One of the spices I discovered rather late in my cooking career was Turmeric. It is exotic and as a child, growing up in East Germany, I had never heard of it. Even later, when Indian food was known to me, I completely ignored it in my own meal preparations.
Only know, after I discovered healthier, often raw 'cooked' meals, made with many spices rather then just salt and pepper, after learning of the many benefits of herbs and spices in a preventive medicinal way, I found my way to Turmeric. It is also known as Goldenseal.
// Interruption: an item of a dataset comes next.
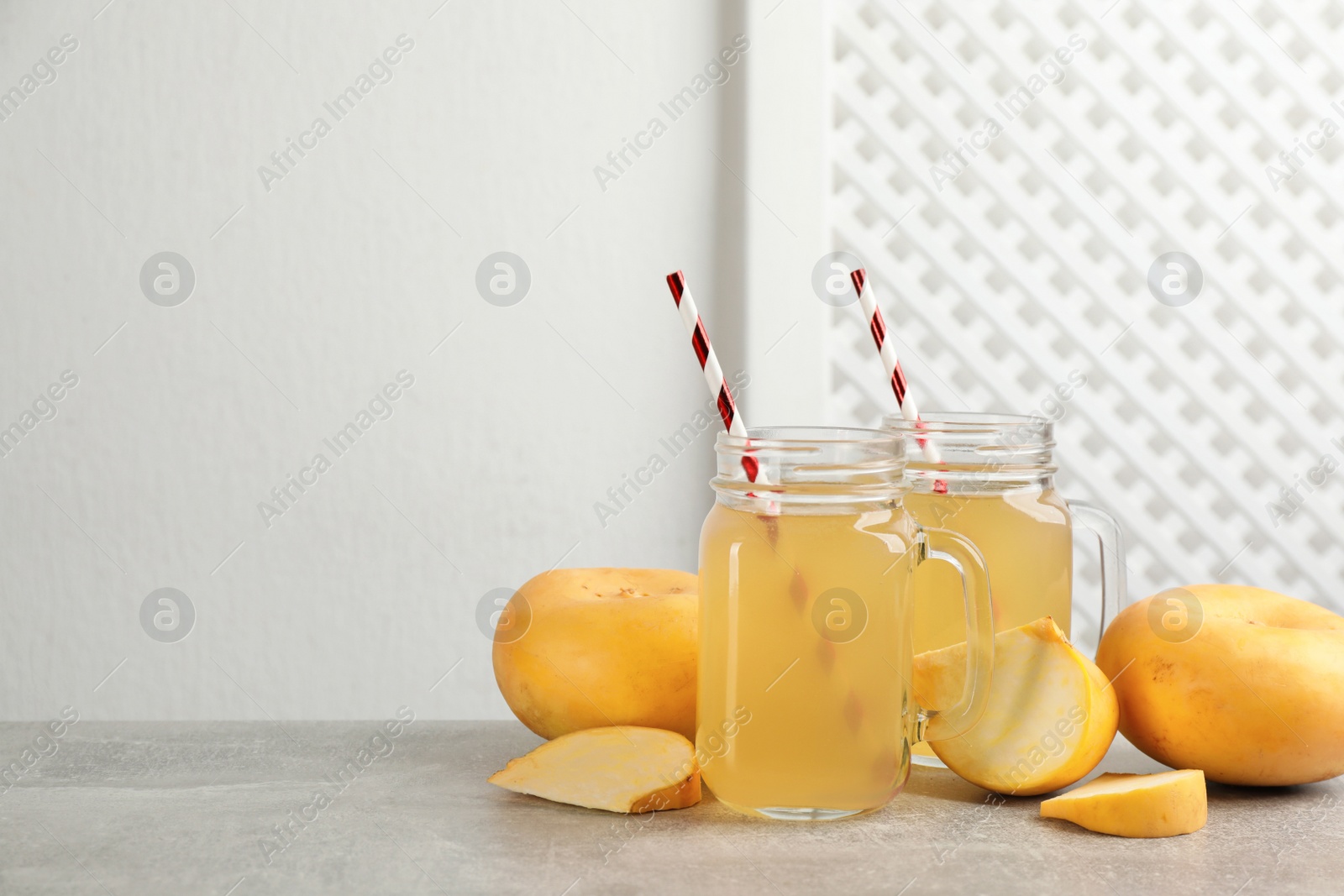 Photo of Freshly made turnip juice on light grey table, space for text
It is not to be missed: The deep golden yellow color and it's staining power make it surely memorably to deal with, from cooking utensils to fingertips all will be marked yellow. So be careful when you use it. An old t-shirt is preferred in the kitchen and stay away from white!
Bleach could become be your best friend...

turmeric rhizomes

I use turmeric mainly as an digestive aid. It is wonderful after any large meal, indulgence after rich deserts or cooked meals, which need a little help along the digestive tract. 
I found the turmeric root at Whole Foods on occasion and grate it raw into salads.
So far I mixed it also in warm drinks, but I learned of a better way to prepare it. 
This recipe combines the benefits of turmeric, ginger and raw honey.
I found it tasty, lightly spicy and yet sweet enough to easily drink as a tea. 
Since I am not using any dairy I substituted the milk with almond milk.
If you drink dairy, feel free to exchange the almond milk with regular cow's milk.

This spice is used as a tea in Ayurvedic practices for curcumin present in turmeric. It acts as an anti-inflammatory agent and remedies gastrointestinal discomfort associated with Irritable Bowel Syndrome and other digestive disorders.
It also lowers cholesterol, reduces platelet aggregation, inhibits proliferation of cancer cells and improves digestion by improving the flow of bile from the gallbladder.
It also acts as an external antibiotic in preventing bacterial infection in wounds. (cuts, burns and bruises)

How to make it:

Bring 4 cups of water to a boil, add 1 teaspoon of turmeric, 1 1/2 teaspoons of ginger powder and simmer for 10 min. 
Strain through a fine mesh into a large bottle, add 1 cup of milk. Mix it all up. After cooling enough to be just warm, add raw honey to your liking. 

I leave the honey until I am ready to drink the warm tea and then add about a large teaspoon per cup.